Study material ▸
· · · · · · ·
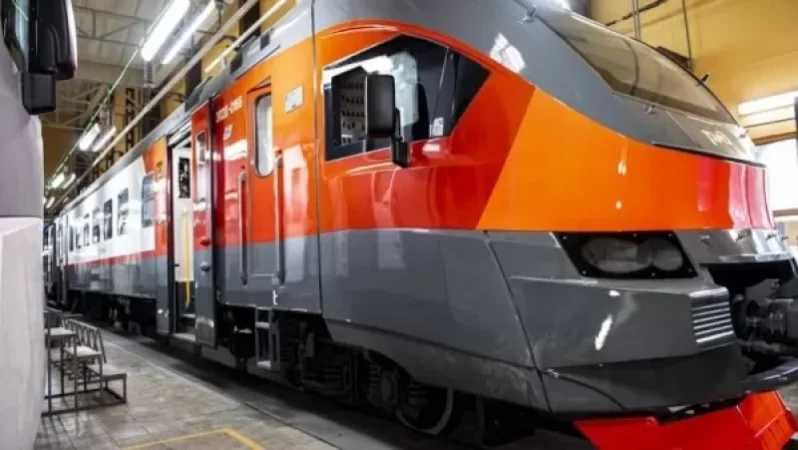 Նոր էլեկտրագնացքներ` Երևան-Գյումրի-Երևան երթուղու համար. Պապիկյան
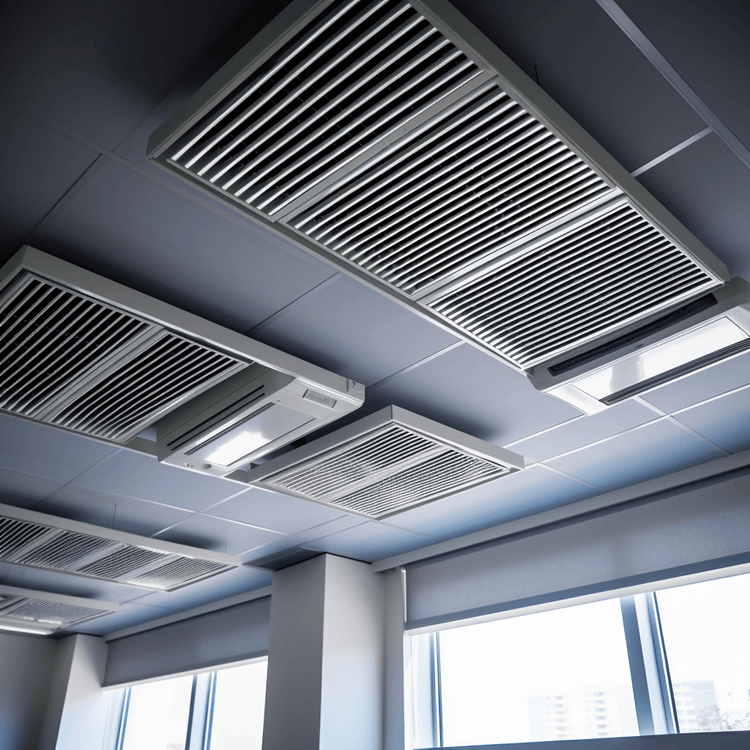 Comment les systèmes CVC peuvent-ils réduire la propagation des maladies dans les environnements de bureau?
· · · · · · ·
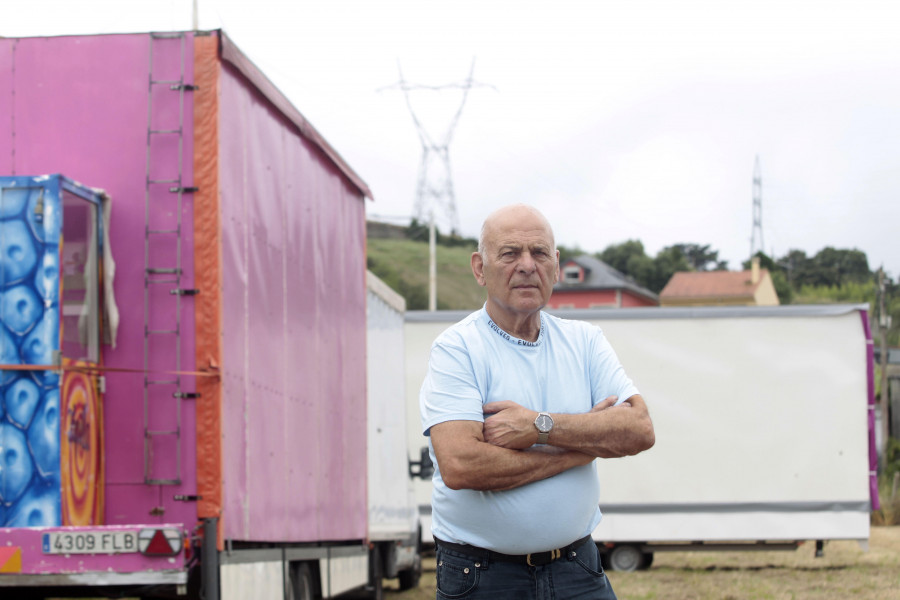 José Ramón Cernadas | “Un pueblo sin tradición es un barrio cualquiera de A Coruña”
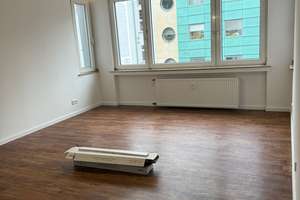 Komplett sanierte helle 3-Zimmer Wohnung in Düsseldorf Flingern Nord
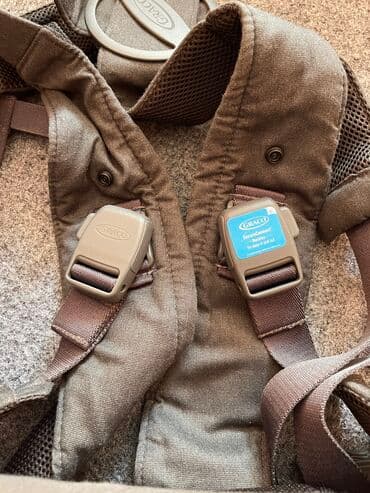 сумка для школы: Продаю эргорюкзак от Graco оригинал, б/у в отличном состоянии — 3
· · · · · · ·
Task goal ▸ Beginning with the line above that contains "երթուղու համար. Պապիկյան" and ending with the line that contains "Comment les systèmes", quote each line exactly, keeping out the pictures.

Solution ▸
 Նոր էլեկտրագնացքներ` Երևան-Գյումրի-Երևան երթուղու համար. Պապիկյան
 Comment les systèmes CVC peuvent-ils réduire la propagation des maladies dans les environnements de bureau?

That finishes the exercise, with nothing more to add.